The old Romans had glass

roman glass - vitrum



vitrum - the glass of the Romans

Antique glass is probably in the late 3rd millennium BC. discovered as a coincidental product of ceramic production. In the early stages of glass production, the right mixture of sand / soda / lime occurs naturally and "only" has to be melted. At the same time, the copper smelting seems to have delivered greenish, glassy-transparent slags and precipitates. It took around 500 years before vessels could be made from glass. And only after another 1,500 years was in the 1st century BC. made the groundbreaking discovery that hot glass can be puffed up by air. Even if, according to Pliny the Elder, The cradle of the art of glassmaking is said to be in Palestine, the oldest pieces available to us come from Mesopotamia and Egypt. Early glass objects were rare and valuable. Raw glass was only melted in a few places and traded over long distances. What this trade looked like is largely unknown. Raw glass is a commodity until the 21st century BC. verifiable. Most of the finds are already dyed material.

durability

Apart from the risk of breakage, the material is chemically by no means as stable as one could wish it to be. Many antique glasses were water-soluble due to the lack of sufficient lime and have disappeared. But the pieces that hit us also suffer from so-called weathering. The attacked surface changes color and can form a silvery-white to dull black layer. Even iridescence, which lay people find attractive, is actually flaking off the finest scales with light refraction in bright colors.
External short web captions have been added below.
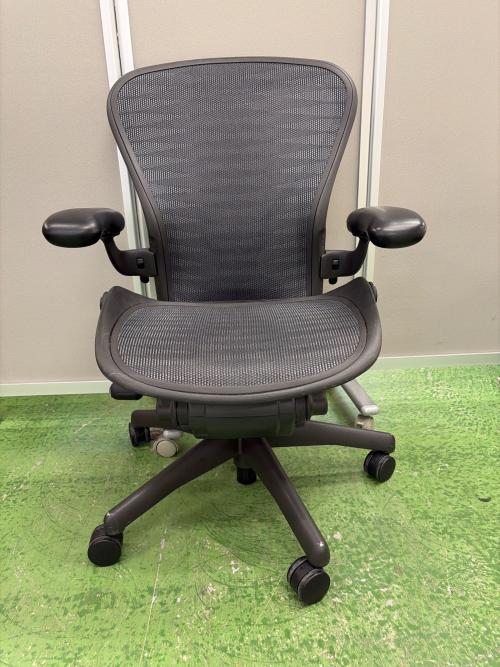 Herman Miller (ハーマンミラー) アーロンチェア クラシック Bサイズ　グラファイトベース ポスチャーフィットフル装備 AE113AWBPJG1BBBK4M02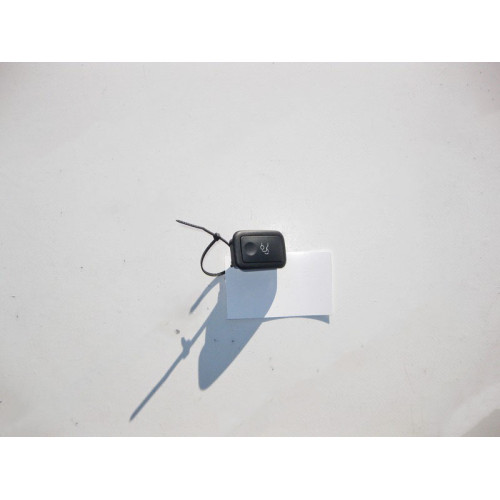 Mercedes-Benz A2048707051 9107 Кнопка открытия багажника на водительской двери C-Class W204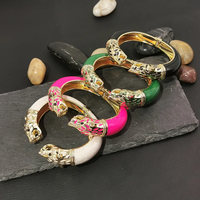 Bracelet manchette ouvert tendance à double tête de léopard émaillée, accessoire de mode animalier, best-seller transfrontalier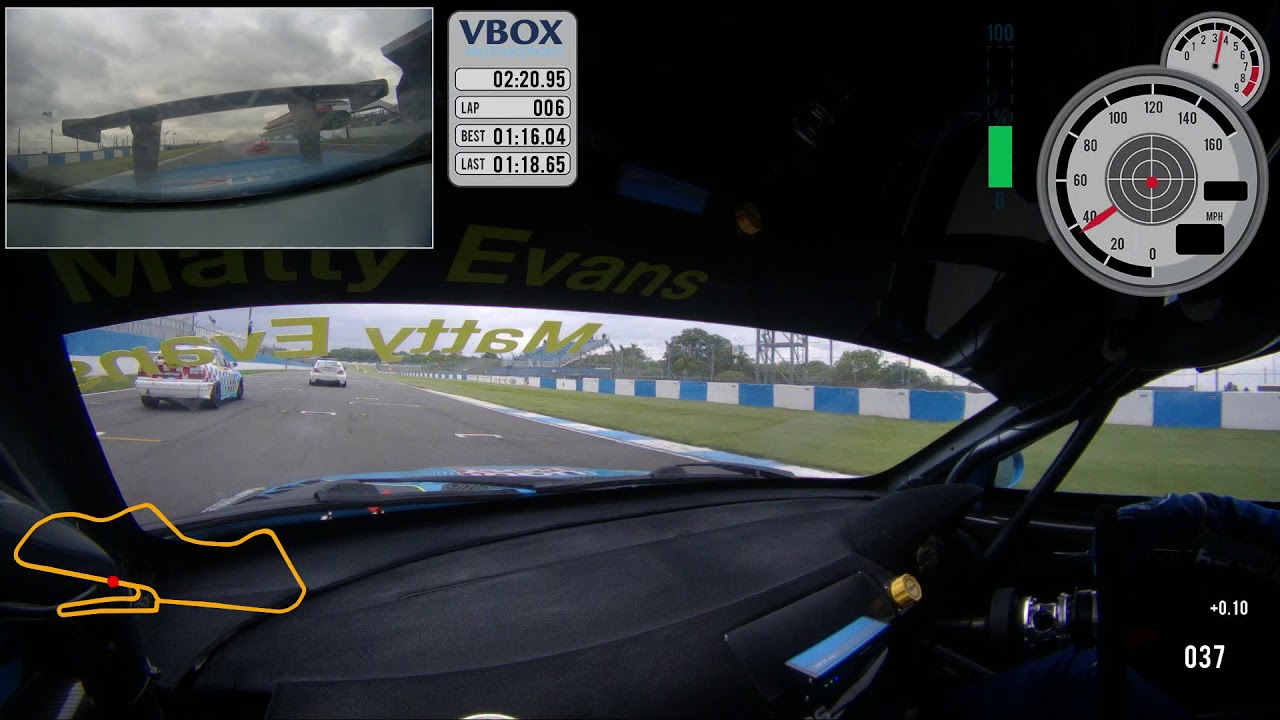 Matty Evans BMW Kumho Donnington Sept 17' - YouTube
Roman vitrum of the imperial era

From the 1st century Glass production increased to such an extent that affluent households often owned glass windows and glass beakers became affordable for large parts of the population. During the Migration Period, knowledge about raw glass production was lost in many provinces and old glasses were recycled. Roman window glass was therefore used in the 5th - 6th centuries. a valued raw product.

composition

Antique glass is made from soda, lime, and silicates. The latter are actually the main ingredient, but have such a high melting point that ancient technology was overwhelmed. By adding alkali (soda), the required temperature was lowered to 1000 ° - 1100 ° C.

conservation

The importance of adding lime was apparently not known. Without this, however, the glass mass was water-soluble. Many antique glasses have simply dissolved or are in an unstable condition over time. Wherever impurities in the sand (shell remains, river pebbles) provided the necessary lime content, permanently stable glass masses were created. Many Mesopotamian glass melters seem to have gotten the problem under control by adding calcareous plant ashes.

pottery glass

This technique of glass forming, which was often used in antiquity, has largely been forgotten. At the right temperature, glass has a viscous character that enables it to be deformed. Interesting pieces can be made in conjunction with the classic turntable. The early history of antique glass is a juxtaposition of ceramic and glass pots. No wonder many shapes were done in parallel. It was only in the late Hellenism that glassblowers developed a new formal language that was only adequate for this material. Pottery pieces usually have strong walls and rounded edges, ideal properties for glass for use.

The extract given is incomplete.